En medio de la batahola de información –y de bulos- que estremece la actualidad, debe quedar un margen, siquiera exiguo, para la reflexión. La epidemia global que hoy sufrimos ha puesto de relieve numerosos desafíos que habrá que afrontar. Muchos de ellos son conocidos. Yo quiero elegir uno, que considero crucial: el que implica resolver la ecuación que relaciona la seguridad y la libertad en medio de un trance pandémico de la envergadura del que ahora afrontamos.
Solemos definir tal relación como inversamente proporcional; es decir, cuanto mayor sea la libertad, pensamos que menor será la seguridad y viceversa: a más seguridad, menos libertad.
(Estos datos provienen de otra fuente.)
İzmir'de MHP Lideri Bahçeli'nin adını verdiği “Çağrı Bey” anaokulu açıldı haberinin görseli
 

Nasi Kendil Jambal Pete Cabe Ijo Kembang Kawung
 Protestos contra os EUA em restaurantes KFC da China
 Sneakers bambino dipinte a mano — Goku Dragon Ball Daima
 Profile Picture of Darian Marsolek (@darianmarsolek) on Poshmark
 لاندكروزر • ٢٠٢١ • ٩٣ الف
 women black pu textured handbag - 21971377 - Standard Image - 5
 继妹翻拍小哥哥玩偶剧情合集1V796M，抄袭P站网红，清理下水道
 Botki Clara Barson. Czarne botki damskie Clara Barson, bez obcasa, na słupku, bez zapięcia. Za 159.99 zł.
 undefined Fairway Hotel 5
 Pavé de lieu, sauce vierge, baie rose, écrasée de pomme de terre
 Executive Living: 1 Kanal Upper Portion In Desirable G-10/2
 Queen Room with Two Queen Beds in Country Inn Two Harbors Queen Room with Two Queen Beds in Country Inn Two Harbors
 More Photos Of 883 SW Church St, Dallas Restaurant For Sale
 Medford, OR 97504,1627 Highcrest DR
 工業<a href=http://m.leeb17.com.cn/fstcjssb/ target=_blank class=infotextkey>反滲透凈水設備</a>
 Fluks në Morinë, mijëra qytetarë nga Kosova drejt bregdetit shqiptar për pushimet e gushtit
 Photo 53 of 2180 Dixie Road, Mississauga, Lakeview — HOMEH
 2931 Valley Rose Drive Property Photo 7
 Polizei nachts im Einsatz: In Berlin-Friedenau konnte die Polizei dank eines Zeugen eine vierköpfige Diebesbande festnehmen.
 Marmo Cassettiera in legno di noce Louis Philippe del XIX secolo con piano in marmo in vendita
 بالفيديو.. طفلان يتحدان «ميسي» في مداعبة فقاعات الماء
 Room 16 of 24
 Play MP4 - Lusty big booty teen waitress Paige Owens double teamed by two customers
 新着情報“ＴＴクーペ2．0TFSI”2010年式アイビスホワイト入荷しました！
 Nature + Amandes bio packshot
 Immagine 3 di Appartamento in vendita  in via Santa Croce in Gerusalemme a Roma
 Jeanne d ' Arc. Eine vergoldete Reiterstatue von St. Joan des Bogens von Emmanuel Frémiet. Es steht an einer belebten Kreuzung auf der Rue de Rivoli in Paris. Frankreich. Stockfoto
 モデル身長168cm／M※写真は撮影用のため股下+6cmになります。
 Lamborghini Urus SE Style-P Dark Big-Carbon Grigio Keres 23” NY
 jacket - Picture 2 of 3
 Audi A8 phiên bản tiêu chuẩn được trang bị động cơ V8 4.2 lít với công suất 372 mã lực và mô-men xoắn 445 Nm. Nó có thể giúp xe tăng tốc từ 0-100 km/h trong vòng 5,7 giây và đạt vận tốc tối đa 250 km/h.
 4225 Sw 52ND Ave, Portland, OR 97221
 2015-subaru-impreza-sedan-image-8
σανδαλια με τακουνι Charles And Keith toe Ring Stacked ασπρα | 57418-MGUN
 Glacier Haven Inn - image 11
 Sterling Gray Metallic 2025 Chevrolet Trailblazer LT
Por ello, cuando much@s de nosotr@s hemos contemplado ahora las fotografías de las recientes manifestaciones del 8 de Marzo, con centenares de miles de mujeres en las calles reivindicando sus derechos -que son los de tod@s-, la reacción inmediata suele ser por inercia la de llevarnos las manos a la cabeza y decirnos a nosotr@s mism@s: ¡qué imprudencia! ¡¿Cómo no nos percatamos del peligro que corríamos?!
Permítanme remontarme a un episodio que examina periódicamente el estado de opinión mundial sobre los valores sociales vigentes. El sociólogo estadounidense Ronald Ingelhart (Milwaukee, 1934), desde la Universidad de Michigan, estudió la dinámica observada en el universo axiológico-valorativo de sociedades industriales avanzadas y post-industriales. El científico social estadounidense demostró, sobre fundadas bases empíricas, que a cada forma de organización de la vida social corresponde una configuración de valores propios. Y que tal configuración coincide, grosso modo, con el tono o el sesgo, benéfico o adverso, que adquieren los tiempos. Versión claramente relacionada con la determinación de la infraestructura material sobre la superestructura ideológica, ya teorizada un siglo atrás por Karl Marx, aunque tal influencia acostumbra ser difícilmente admitida por el timorato mundo académico norteamericano.
En base a esta determinación, Ronald Inglehart estableció que en las sociedades industriales avanzada y posindustriales, los ciclos de prosperidad y de bienestar registraban valores sociales post-materiales, relacionados con la autoexpresión, la autonomía personal, la tolerancia, la esgrima y defensa de las libertades personales y colectivas. Por el contrario, cuando los tiempos se tornaban adversos a consecuencia de las recesiones económicas y/o las involuciones políticas, los valores sociales vigentes viraban hacia la seguridad individual, la materialidad concreta y la defensa de lo inmediato poseído, así como hacia las autolimitaciones sociales; y ello con un presumible saldo de irracionalidad latente en las situaciones desventajosas. En la fase regresiva, pues, las opciones políticas primaban el orden y la seguridad, mientras que en las progresivas, se acentuaban las apuestas políticas de contenido emancipatorio.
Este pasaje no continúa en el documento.